Why Joe Rogan Keeps Rereading Hell's Angels

Hunter S. Thompson's Hell's Angels, his 1966 account of embedding with the California motorcycle club, is not a self-help book or a science title, but it keeps coming up in the same conversations as both. Joe Rogan describes it as a book he returns to repeatedly, and actor Ben Affleck names it in the same breath as Thompson's other classic without any prompting from Rogan to do so.

The book does not show up alone in these episodes. The same conversations, and the ones around them, keep circling back to a short list of other resources: a sleep science book, a book on dopamine and addiction, a book on emotional acceptance, and one supplement that comes up whenever performance and recovery are on the table. Here is what each person actually said, with the timestamp behind every claim.

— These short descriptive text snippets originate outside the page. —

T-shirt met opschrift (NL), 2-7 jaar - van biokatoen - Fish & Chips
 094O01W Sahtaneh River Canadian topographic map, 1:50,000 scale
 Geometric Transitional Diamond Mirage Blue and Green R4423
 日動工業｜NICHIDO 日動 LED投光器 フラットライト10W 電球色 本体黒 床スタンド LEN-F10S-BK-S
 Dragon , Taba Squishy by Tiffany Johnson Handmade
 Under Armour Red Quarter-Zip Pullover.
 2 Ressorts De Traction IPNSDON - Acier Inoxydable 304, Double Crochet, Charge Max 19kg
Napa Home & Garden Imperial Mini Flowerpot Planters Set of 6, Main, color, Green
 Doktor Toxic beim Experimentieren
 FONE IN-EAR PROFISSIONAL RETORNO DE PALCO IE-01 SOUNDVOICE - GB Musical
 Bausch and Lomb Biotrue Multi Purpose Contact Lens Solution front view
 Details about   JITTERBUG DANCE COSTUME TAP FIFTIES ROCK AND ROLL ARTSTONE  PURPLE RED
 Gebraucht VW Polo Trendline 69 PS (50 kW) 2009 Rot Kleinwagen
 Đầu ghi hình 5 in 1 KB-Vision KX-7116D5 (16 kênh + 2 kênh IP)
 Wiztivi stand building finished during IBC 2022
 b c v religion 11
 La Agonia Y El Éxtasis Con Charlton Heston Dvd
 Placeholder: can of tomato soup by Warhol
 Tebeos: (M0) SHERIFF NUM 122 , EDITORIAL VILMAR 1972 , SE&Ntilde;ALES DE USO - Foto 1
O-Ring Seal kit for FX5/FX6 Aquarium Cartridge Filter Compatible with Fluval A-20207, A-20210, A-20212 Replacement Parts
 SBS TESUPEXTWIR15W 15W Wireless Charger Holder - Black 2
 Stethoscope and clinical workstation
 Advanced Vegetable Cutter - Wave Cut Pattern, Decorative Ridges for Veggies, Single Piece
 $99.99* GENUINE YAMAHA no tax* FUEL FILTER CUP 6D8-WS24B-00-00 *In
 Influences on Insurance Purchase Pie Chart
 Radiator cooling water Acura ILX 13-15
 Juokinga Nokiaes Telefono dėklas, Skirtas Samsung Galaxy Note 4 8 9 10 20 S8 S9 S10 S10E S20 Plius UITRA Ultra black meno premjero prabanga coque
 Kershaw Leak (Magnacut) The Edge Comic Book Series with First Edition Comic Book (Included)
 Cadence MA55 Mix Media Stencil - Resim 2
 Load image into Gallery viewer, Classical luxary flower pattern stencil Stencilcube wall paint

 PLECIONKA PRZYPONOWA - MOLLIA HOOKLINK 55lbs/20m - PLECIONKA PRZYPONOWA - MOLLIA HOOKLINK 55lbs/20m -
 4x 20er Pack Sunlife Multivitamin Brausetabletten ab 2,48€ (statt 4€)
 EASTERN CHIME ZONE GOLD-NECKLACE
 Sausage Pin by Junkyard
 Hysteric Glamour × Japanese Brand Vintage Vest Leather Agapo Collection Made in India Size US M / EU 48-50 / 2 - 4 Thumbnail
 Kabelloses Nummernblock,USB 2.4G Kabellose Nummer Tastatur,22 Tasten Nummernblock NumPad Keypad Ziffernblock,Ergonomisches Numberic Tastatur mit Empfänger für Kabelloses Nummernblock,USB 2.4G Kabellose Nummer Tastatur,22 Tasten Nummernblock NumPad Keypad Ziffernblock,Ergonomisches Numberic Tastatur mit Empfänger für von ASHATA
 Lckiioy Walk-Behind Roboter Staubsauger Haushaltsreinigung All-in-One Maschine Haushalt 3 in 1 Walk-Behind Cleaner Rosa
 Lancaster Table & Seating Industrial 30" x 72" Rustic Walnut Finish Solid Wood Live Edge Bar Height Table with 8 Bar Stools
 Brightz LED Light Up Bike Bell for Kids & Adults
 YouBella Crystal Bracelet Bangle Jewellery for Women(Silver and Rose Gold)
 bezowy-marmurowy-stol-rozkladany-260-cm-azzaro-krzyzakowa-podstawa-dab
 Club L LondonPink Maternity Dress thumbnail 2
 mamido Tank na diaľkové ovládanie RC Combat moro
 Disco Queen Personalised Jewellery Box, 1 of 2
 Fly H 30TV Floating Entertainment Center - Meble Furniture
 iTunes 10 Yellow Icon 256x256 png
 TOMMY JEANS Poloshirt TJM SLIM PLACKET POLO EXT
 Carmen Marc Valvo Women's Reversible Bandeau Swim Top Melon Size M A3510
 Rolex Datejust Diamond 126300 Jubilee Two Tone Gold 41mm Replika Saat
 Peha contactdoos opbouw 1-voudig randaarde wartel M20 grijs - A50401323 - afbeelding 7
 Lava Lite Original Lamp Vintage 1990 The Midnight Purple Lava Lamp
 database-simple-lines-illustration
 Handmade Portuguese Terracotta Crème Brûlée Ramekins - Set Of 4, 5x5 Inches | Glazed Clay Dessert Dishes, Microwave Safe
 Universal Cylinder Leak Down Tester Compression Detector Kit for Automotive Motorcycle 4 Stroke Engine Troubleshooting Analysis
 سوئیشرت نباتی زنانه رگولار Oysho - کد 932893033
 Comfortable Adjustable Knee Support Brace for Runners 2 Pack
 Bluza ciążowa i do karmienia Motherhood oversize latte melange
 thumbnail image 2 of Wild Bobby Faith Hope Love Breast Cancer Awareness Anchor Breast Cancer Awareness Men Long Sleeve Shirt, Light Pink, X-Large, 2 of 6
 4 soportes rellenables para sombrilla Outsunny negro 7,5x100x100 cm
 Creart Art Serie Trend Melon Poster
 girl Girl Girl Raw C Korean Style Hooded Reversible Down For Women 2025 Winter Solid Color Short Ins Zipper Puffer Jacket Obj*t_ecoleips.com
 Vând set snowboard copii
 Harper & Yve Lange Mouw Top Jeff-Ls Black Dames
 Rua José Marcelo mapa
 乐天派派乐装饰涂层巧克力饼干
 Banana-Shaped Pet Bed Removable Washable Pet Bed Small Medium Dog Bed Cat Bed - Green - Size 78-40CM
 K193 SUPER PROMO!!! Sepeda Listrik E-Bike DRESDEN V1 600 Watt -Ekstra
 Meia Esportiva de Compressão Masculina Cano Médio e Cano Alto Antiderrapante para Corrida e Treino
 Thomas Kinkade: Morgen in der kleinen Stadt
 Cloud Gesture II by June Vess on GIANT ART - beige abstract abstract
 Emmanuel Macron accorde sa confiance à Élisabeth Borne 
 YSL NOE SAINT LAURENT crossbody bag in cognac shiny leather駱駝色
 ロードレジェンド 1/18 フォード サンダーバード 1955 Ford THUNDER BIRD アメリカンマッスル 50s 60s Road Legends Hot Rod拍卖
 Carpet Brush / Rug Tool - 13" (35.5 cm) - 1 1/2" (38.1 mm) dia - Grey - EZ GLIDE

The Book Rogan Keeps Coming Back To

Rogan does not just mention Hell's Angels once. "I was just reading uh Hell's Angels recently, actually. That's the book that I go back to most," he says in one episode. In a separate conversation, he brings it up again unprompted: "what I started rereading recently is Hell's Angels, the Hunter S Thompson book." His guest responds that they have never read it, and Rogan calls it incredible.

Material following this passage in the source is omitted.